++++ Input records

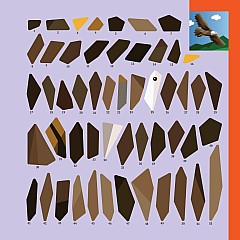 Paint by Sticker Kids: America: Create 10 Pictures One Sticker at a Time!
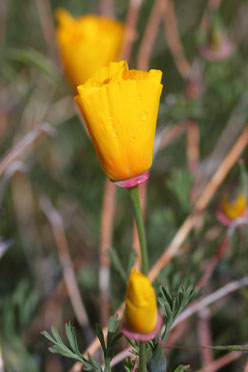 California Poppy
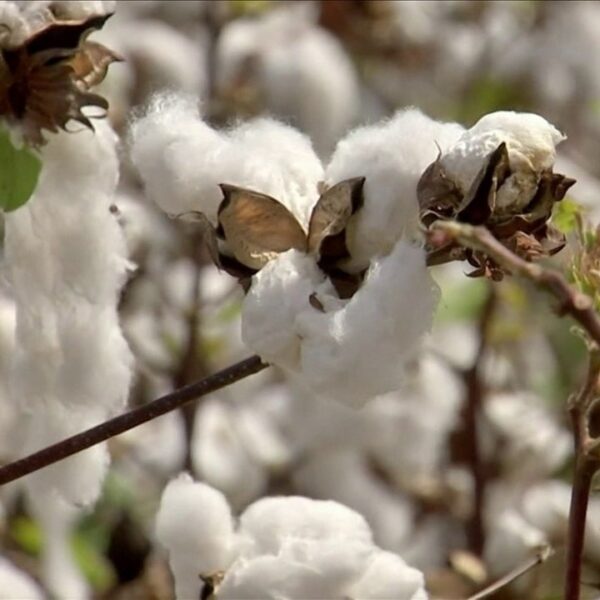 Plantio do algodão em MT avança para mais de 80% da área, mas ainda está atrasado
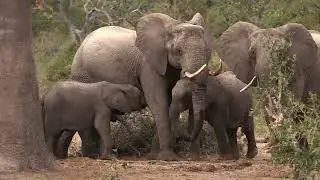 My Africa Memories movie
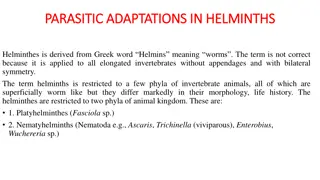 Adaptations in Helminth Parasites: Structural and Morphological Changes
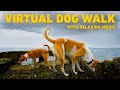 No ads tv for dogs  dog walking in nature on the beach  relaxing music for dogs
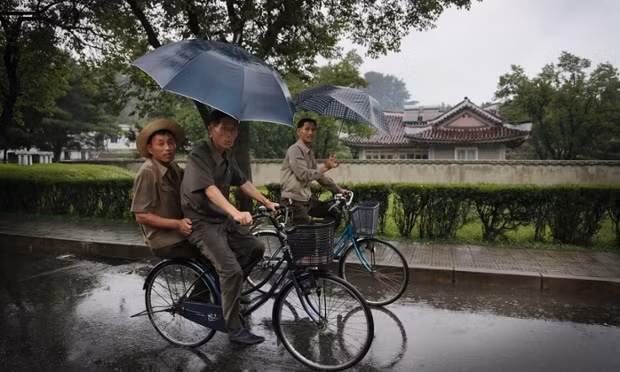 Những người đàn ông đạp xe dưới mưa qua nông trường Mangyongdae, Bình Nhưỡng.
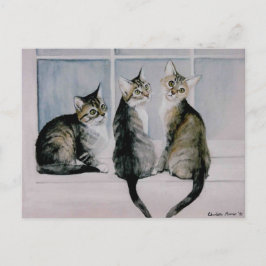Cartões postais de reprodução de arte "Três Kitten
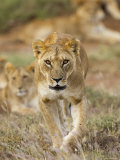 Lion, Female, Laikipia, Kenya
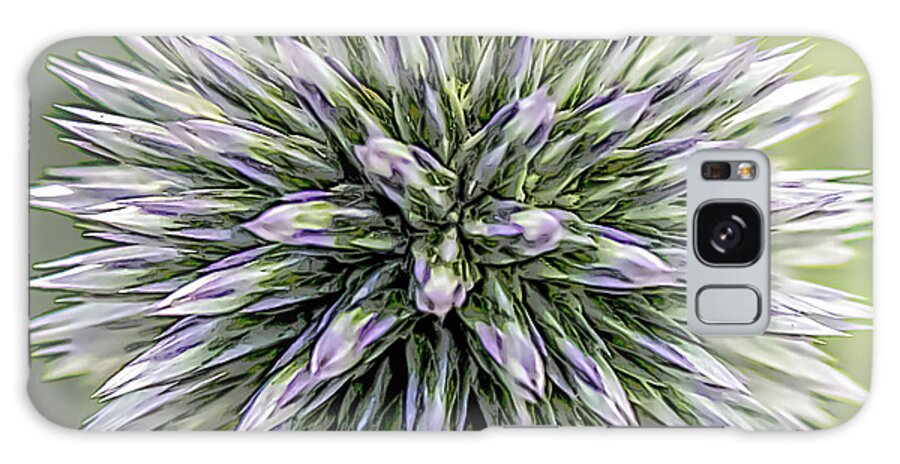Nature Galaxy Case featuring the photograph Thistle II by Robert Mitchell
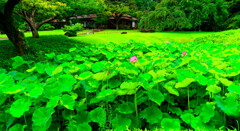 ハス池と涵徳亭　(小石川後楽園)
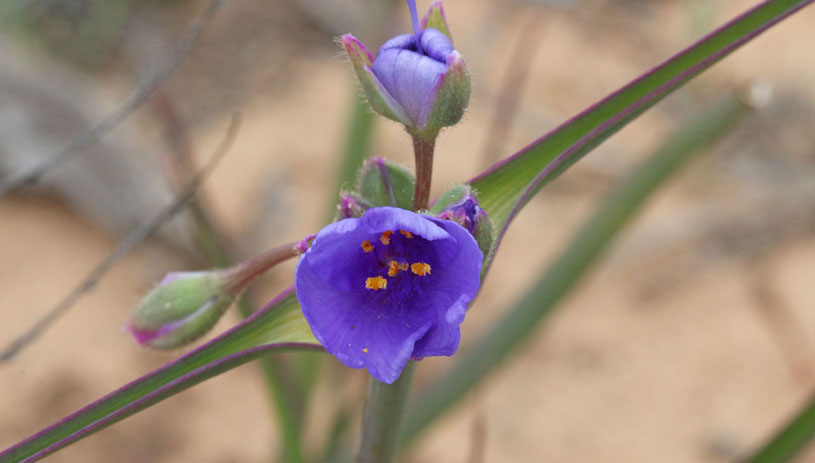 Prairie spiderwort Andrey Zharkikh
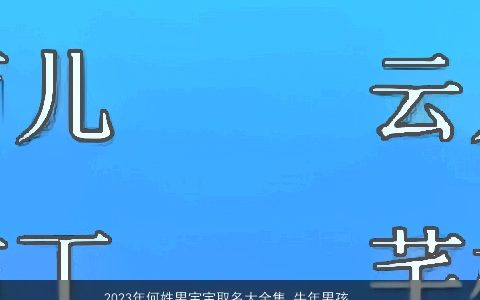 2023年何姓男宝宝取名大全集 牛年男孩起名 洋气好听的何姓男宝宝牛男孩名字推荐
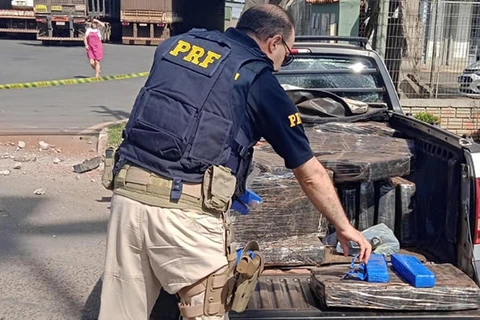 PRF apreende quase meia tonelada de maconha em Ponta Grossa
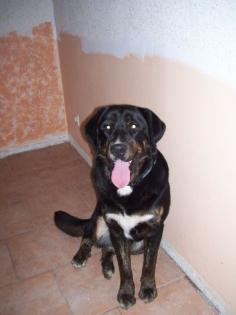 Sehr Schöner Labrador Mix Rüde 1 jahr alt abzugeben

++++++++

→ **What the task asks**
Retype, exactly and only, the lines from the one containing "Nature Galaxy Case" through the end of the entries, both ends included, and omit all pictures.

→ **The answer**
Nature Galaxy Case featuring the photograph Thistle II by Robert Mitchell
 ハス池と涵徳亭　(小石川後楽園)
 Prairie spiderwort Andrey Zharkikh
 2023年何姓男宝宝取名大全集 牛年男孩起名 洋气好听的何姓男宝宝牛男孩名字推荐
 PRF apreende quase meia tonelada de maconha em Ponta Grossa
 Sehr Schöner Labrador Mix Rüde 1 jahr alt abzugeben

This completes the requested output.